The basic premise behind a reverse mortgage is that it’s a product designed to tap an illiquid investment – your home. For many Americans, it is still one of the biggest assets they own. When it comes to using a reverse mortgage to tap the value of the home, there are four options:
1) Lump sum payment
2) Annuity-like stream of income guaranteed for as long as a borrower lives in the home.

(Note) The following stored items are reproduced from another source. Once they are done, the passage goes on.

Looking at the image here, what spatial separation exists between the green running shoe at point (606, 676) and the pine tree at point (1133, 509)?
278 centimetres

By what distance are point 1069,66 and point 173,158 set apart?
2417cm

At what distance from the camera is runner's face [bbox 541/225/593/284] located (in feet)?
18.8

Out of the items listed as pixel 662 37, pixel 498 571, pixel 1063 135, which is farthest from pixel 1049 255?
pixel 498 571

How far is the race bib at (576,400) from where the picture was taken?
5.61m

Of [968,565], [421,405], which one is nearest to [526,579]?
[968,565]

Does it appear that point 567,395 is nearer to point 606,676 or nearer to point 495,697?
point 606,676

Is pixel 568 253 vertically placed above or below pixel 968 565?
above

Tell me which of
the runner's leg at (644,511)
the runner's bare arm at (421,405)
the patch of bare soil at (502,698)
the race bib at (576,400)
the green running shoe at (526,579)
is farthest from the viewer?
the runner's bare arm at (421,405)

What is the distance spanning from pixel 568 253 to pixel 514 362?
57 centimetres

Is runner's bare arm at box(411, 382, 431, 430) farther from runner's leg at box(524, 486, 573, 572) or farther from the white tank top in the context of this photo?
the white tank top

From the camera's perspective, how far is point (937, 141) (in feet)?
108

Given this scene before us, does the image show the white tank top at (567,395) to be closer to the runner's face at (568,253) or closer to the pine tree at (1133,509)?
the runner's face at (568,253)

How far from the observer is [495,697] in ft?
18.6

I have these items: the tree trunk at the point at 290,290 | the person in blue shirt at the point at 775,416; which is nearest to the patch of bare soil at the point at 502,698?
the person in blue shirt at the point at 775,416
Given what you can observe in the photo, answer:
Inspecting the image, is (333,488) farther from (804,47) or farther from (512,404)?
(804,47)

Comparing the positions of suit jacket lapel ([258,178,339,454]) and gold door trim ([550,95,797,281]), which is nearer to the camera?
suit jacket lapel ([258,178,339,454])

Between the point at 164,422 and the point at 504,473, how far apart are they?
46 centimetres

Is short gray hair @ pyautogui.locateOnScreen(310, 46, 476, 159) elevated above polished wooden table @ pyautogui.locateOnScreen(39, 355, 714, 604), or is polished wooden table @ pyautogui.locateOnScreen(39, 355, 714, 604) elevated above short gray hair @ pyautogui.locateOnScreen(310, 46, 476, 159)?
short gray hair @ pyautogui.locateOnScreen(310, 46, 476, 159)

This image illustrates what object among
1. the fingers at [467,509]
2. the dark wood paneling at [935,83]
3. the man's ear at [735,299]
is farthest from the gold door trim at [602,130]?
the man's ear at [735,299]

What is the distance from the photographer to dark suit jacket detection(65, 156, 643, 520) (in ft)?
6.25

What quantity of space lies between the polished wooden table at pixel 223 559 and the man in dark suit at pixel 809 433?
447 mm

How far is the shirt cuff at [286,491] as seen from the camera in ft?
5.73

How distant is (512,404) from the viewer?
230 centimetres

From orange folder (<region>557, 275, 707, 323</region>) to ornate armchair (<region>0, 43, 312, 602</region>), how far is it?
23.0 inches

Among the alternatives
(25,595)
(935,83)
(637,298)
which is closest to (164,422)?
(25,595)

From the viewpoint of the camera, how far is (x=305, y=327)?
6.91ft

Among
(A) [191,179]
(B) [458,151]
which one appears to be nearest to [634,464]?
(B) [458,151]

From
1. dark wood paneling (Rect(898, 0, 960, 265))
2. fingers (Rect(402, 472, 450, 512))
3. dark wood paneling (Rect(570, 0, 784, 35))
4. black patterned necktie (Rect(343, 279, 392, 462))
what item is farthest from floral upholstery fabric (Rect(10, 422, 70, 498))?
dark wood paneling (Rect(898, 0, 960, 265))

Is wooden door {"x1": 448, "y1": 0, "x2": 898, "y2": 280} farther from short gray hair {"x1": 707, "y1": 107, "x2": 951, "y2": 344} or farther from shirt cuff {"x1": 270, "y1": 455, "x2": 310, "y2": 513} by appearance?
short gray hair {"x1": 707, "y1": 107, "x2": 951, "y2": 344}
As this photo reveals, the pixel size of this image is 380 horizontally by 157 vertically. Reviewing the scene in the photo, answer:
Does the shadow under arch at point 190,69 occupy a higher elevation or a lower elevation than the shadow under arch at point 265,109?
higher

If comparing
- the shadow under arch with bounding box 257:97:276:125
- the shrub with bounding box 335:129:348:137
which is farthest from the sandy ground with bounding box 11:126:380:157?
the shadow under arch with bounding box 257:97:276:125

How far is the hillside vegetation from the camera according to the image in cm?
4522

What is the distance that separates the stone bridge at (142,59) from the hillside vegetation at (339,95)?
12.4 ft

3) Fixed payment over a fixed number of years
4) Line of Credit (that grows at a variable rate) that is accessible as needed
It’s option four, the line of credit, that has become most intriguing. The idea is to apply for a reverse mortgage in the early years of retirement and leave it alone for the most part. You take on the line of credit long before you actually need it because the line of credit will grow over time. If held long enough, the line of credit could exceed the value of the home. The line of credit grows, even if the value of the home does not. But the homeowner or the estate would only be on the hook for at most 95% of the value of the home because a reverse mortgage is a “non-recourse” loan.
On top of the flexibility it brings, there are tax benefits too – draws from a reverse mortgage are not taxable.
(Some readers may think about using a reverse mortgage to take equity out of their home to invest it in the stock market. We strongly discourage that kind of thinking.)
This is a compelling new tool that could provide innovative solutions for many retirees. Research is showing that it can extend retirement spending out another 10 years or even more.